• **DATASET CONTENT**
..........

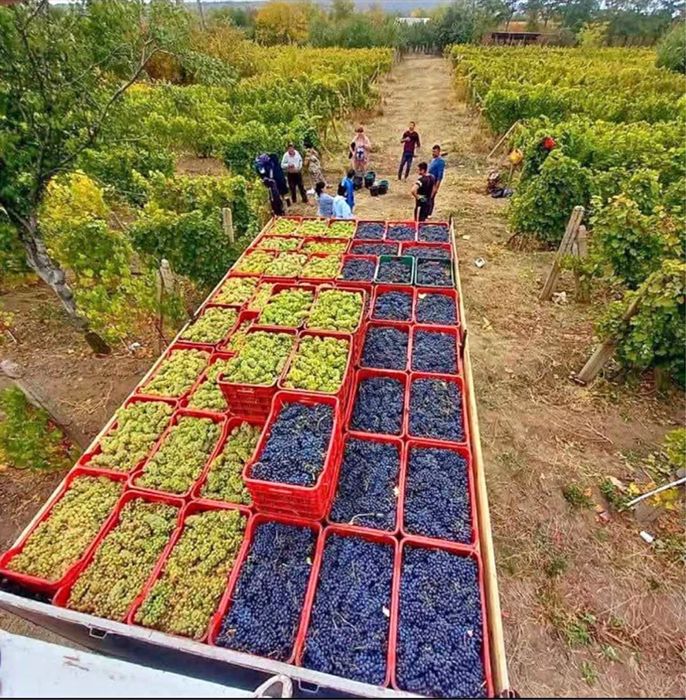 Strguri de vin.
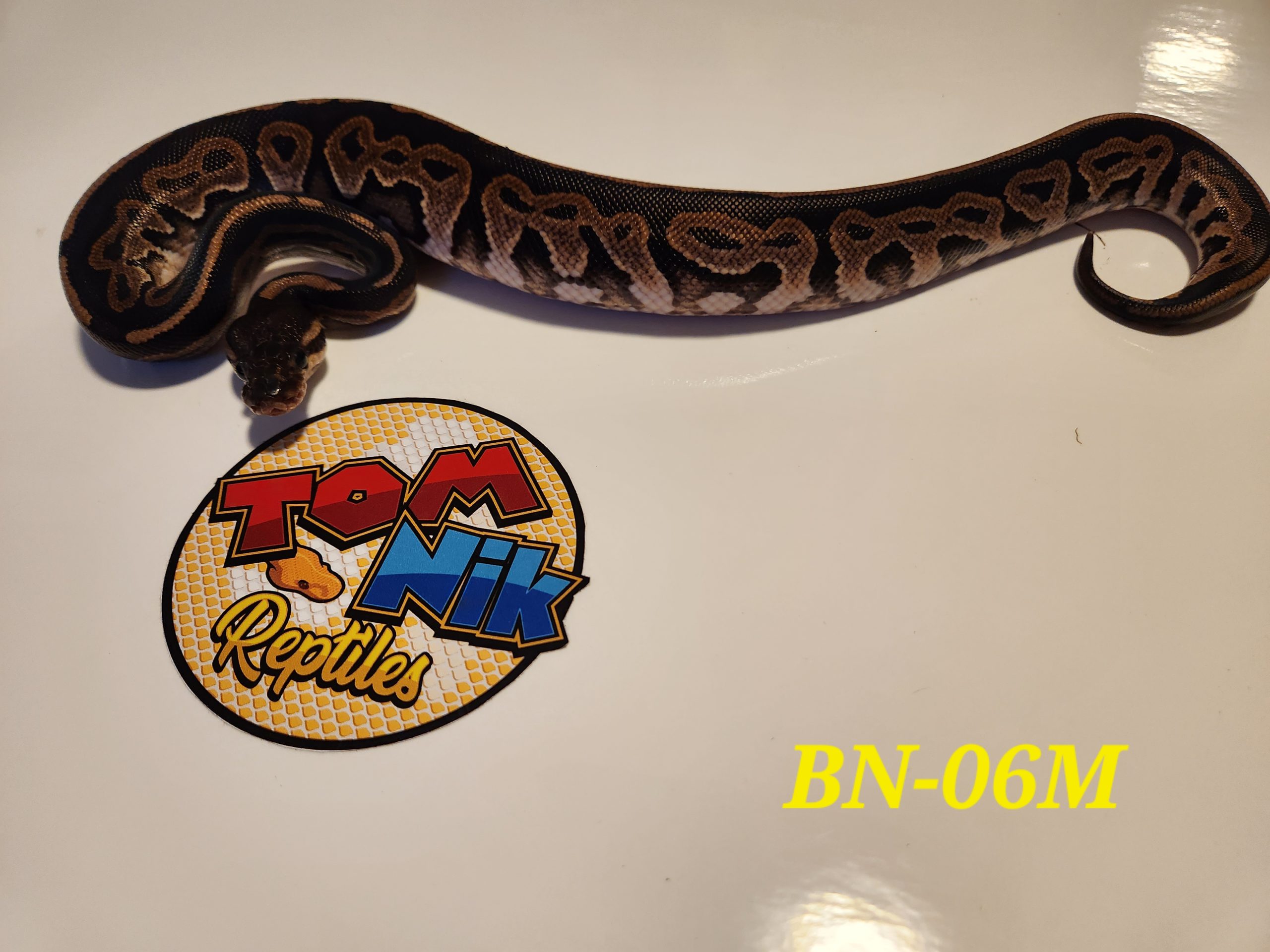 Cinnamon Asphalt Het Albino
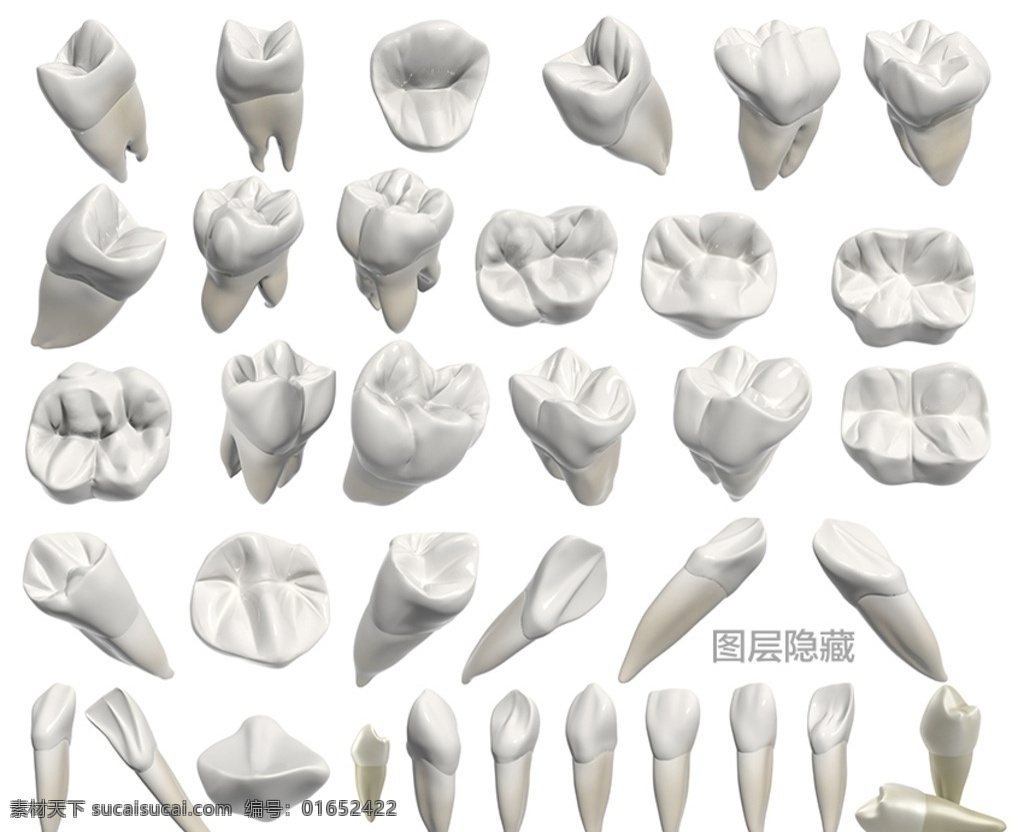 3d牙齿 3d 牙齿 牙科 门牙 犬牙 前臼齿 后臼齿 切齿 犬齿 假牙 牙根 3d物体 分层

..........

• **ASSIGNED TASK**
Take the listing above and retype it exactly. Its pictures are to be omitted.

• **TASK SOLUTION**
 Strguri de vin.
 Cinnamon Asphalt Het Albino
 3d牙齿 3d 牙齿 牙科 门牙 犬牙 前臼齿 后臼齿 切齿 犬齿 假牙 牙根 3d物体 分层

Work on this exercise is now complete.